== INPUT MATERIAL ==
Content starts

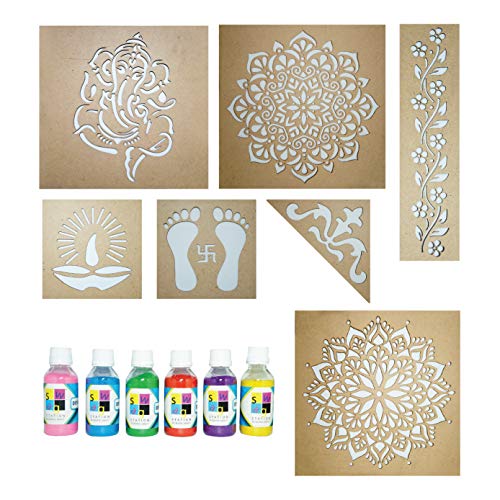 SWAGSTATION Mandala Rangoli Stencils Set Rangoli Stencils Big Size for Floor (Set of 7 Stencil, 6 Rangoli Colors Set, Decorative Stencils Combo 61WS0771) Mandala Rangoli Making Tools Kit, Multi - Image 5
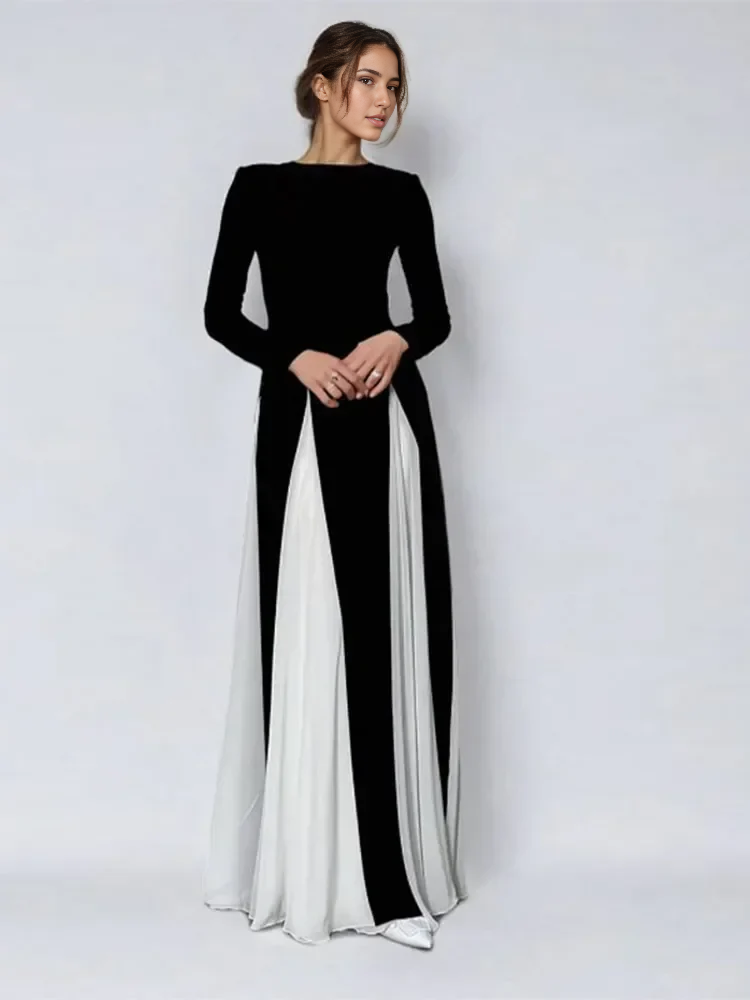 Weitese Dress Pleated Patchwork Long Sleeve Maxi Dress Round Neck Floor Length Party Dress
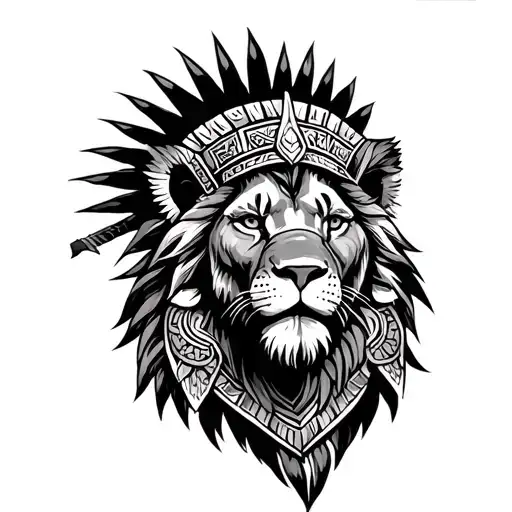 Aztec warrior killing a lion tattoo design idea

Content ends
Content starts

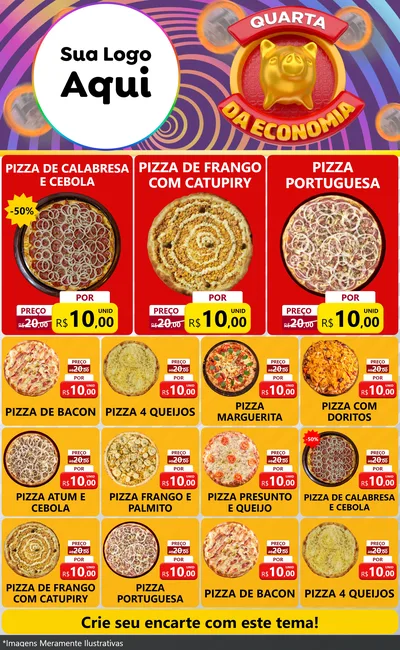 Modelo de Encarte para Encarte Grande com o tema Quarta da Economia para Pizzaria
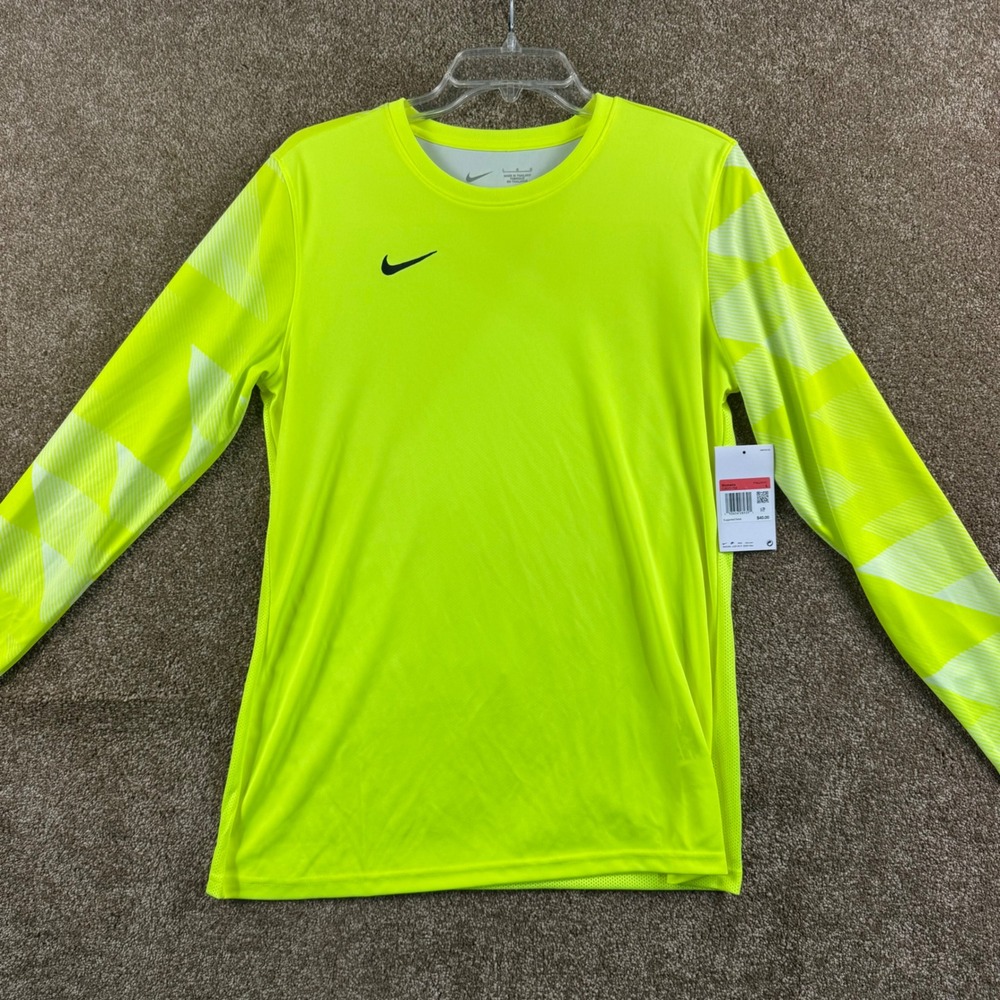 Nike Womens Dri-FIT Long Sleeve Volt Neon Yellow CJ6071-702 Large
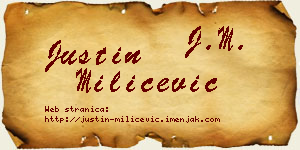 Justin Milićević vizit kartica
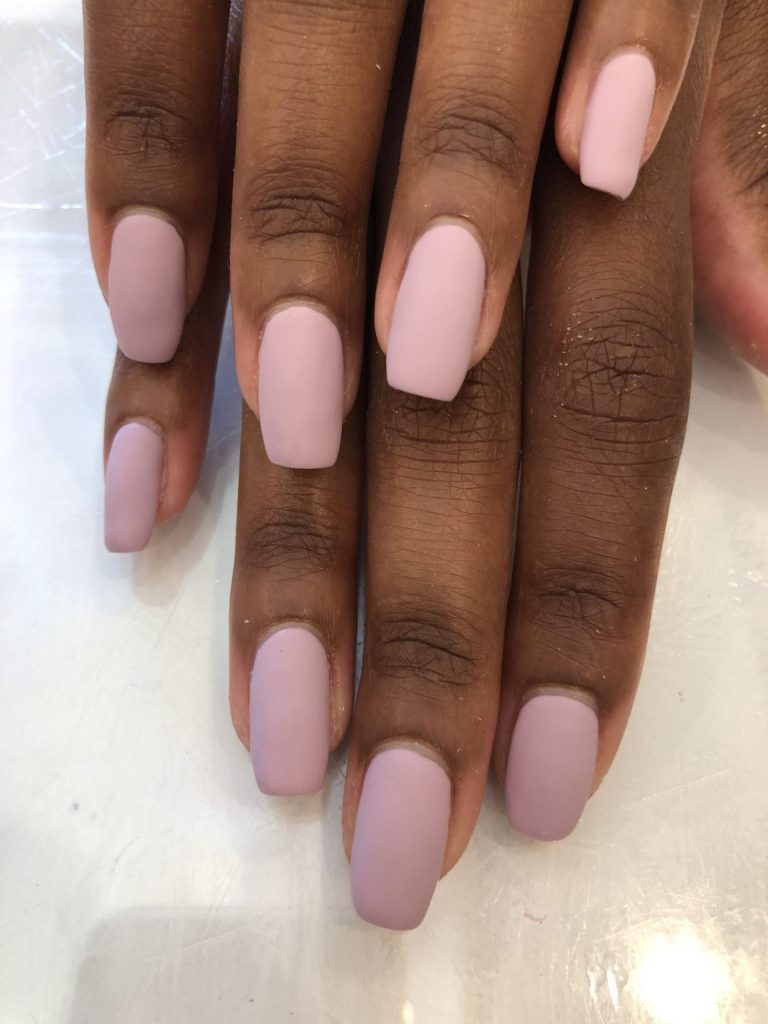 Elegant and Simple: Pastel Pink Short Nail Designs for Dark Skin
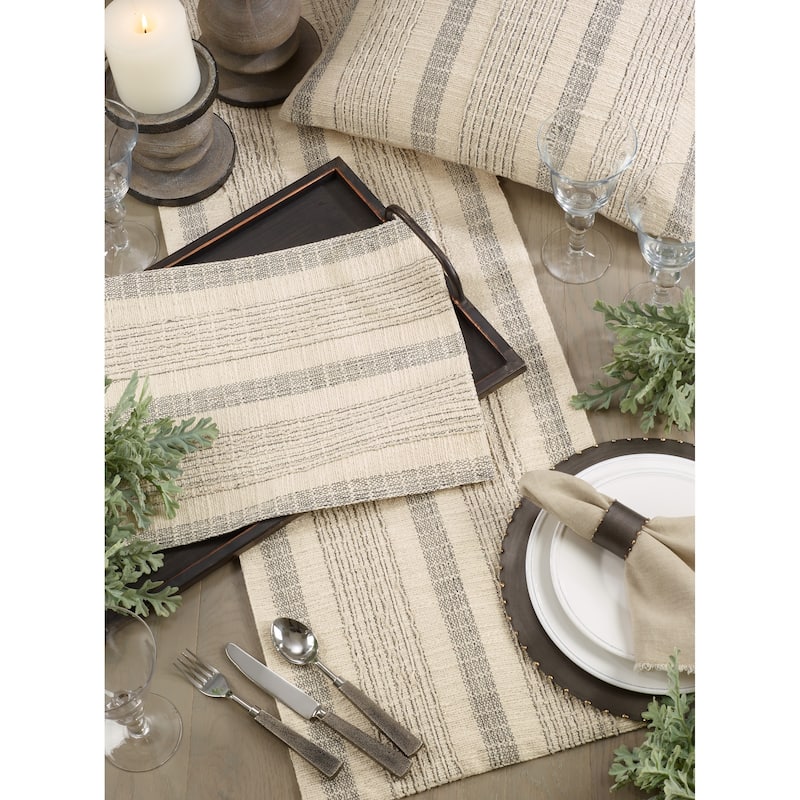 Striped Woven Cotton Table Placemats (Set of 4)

Content ends

An exact copy is needed. It runs from the line above containing "Nike Womens Dri-FIT" down to the line containing "Striped Woven Cotton", both included, with no pictures.

== RESPONSE BOX ==
 Nike Womens Dri-FIT Long Sleeve Volt Neon Yellow CJ6071-702 Large
 Justin Milićević vizit kartica
 Elegant and Simple: Pastel Pink Short Nail Designs for Dark Skin
 Striped Woven Cotton Table Placemats (Set of 4)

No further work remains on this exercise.